The Indic data problem has been on every Indian AI researcher’s mind. One of the primary challenges in developing AI for Indian languages is the scarcity of high-quality data. Unlike English, which has a vast amount of digital content available, Indian languages lack sufficient natural data to train AI models.
“For Indian languages, or any language other than English, this has not been true [availability of data online], because of which we do not have a large amount of natural data,” Vivekananda Pani, the CTO and co-founder of Reverie Language Technologies, told AIM.
Various approaches are being considered to address this data problem. One involves using artificial methods to augment existing data, such as converting English data into Indian languages using machine translation.

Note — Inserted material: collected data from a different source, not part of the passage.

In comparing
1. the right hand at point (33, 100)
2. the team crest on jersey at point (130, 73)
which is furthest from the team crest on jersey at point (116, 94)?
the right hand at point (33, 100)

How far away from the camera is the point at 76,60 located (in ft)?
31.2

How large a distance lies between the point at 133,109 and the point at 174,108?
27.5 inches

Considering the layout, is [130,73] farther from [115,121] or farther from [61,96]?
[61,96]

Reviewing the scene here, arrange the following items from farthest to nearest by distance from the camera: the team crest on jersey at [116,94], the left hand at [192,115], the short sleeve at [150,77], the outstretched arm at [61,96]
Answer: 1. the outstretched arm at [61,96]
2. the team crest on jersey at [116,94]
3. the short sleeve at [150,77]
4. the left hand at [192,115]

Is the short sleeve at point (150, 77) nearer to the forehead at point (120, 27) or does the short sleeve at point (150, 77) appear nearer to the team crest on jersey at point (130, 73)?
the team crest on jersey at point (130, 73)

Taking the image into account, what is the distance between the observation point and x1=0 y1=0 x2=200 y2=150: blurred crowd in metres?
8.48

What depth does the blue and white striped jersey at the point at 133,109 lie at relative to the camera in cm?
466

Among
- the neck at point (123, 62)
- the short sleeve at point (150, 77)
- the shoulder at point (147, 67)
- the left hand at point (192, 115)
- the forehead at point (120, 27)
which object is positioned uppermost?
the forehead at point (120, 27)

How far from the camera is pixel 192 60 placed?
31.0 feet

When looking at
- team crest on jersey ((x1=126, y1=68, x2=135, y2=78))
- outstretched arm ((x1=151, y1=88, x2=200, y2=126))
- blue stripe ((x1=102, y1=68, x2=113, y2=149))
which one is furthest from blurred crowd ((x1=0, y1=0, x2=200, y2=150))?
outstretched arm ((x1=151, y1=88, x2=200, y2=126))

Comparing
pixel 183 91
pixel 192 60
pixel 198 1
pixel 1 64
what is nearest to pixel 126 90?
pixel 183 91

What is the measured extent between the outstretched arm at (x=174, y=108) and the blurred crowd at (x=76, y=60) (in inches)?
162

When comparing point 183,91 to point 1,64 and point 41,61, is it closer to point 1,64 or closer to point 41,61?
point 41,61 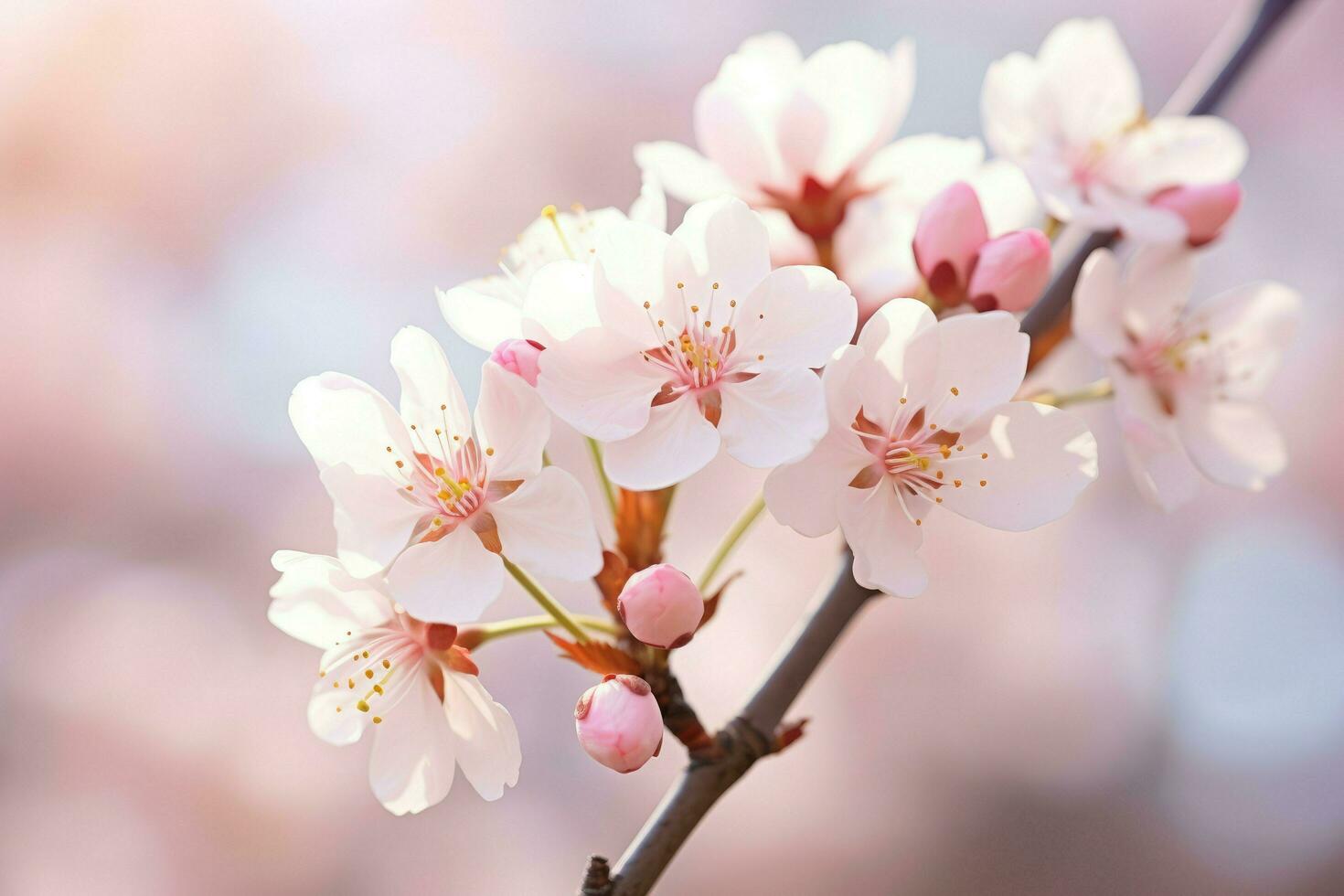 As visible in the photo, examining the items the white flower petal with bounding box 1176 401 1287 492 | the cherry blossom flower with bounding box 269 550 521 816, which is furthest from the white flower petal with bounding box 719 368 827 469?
the white flower petal with bounding box 1176 401 1287 492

However, Pani cautioned against relying solely on this approach. “The best way is not, let’s say, if we try to augment and continue to augment forever… because in the English language that’s not likely to happen,” he said.
Building a Rocket for Indic Languages
Pani advocates for a more sustainable solution: enabling people to create a large amount of natural data that can be fed back into AI systems. This includes leveraging content from various media formats, such as audio and video, which can be transcribed and used to train AI models.
Speaking about the need for building something like ChatGPT in India, Pani gave the perfect analogy. “Scaling the moon is actually a lot of distance. If you walk, it will take 25 lives, versus if you build a rocket today, you will reach it in a month.”
One problem that Pani pointed out is the standardisation of the Indian language in the digital world. Giving the example of the word “sahayogi”, Pani and his team explained that there are several ways in which people type the word on their phones.
This is also because there is no uniformity for Indian languages across different types of keyboards, while English is uniform across the board.
“Even if somebody doesn’t know English, but wants to send a message on WhatsApp, they tend to write the message in their native language using English letters,” Pani explained that it is only for the digital world, but when people write in books and letters, it is usually in native scripts.
Earlier while speaking to AIM, Raj Dabre, a prominent researcher at NICT in Kyoto, discussed the complexities of developing chatbots for Indian languages. If you type something in Hindi but in the Roman script, current AI models like Llama and others are able to process it to some degree.
Dabre and his team are working on training models in Romanised versions of Indic data, leveraging the knowledge in the English language, and transferring it to Indic languages.
“Technology has actually been a barrier in our case,” said Pani. He explained that this is something that needs to be addressed very quickly.
Working on the same issue is Pushpak Bhattacharyya, who was recently appointed as the chairman for the committee for standardisation in artificial intelligence, set up by the Bureau of Indian Standards (BIS)
Bhattacharyya argues that while existing LLMs can be adapted for Indian languages, creating specialised foundational models could lead to significant efficiency gains. Similarly, smaller models with less amount of data would also not be feasible in the longer run.
Native Languages for AI is a Need
At Reverie Language Technologies, Pani explained that the team has been working on this problem for a very long time, and building that ‘AI rocket’.
“We started in an era when there was absolutely zero Indian language data in the digital media,” he recalled, highlighting the progress made from their first speech model using only 100 hours of data to more recent models utilising at least 10,000 hours.
“In India, we still have less than 7% people who are fluent in English,” Pani explained that there is definitely a need for building an AI model in Indian languages, and not just relying on the models by the West.
Pani also addressed the startup scenario in India for fundamental research in AI. He notes that while historically, there has been a lack of investment in long-term research projects, the landscape is changing. “Now that OpenAI showed the world what is possible, people have a belief that this can be achieved and therefore let’s go and invest,” he observed.
Another issue is building hardware in India, which Pani explained is a lot harder. “On that front, we are far behind right now. We don’t have enough skills. We will have to import skills and it’s a very, very expensive process,” he said.
Agreeing with Bhavish Aggarwal’s recent comment on comparing OpenAI with East India Company, Pani said that a lot of data that Indian users “donate” to companies such as Google through their phones is kept with the company and is only accessible to Indian researchers if they pay for it.
“When you look at countries such as China and Japan, they have their computing world in their native language,” Pani added, saying there needs to be a bigger push from the government for putting standards and baseline fundamentals.
“These fundamentals today are actually governed by a few American companies and formed by them. So they would not really think of what is right for our country,” Pani concluded.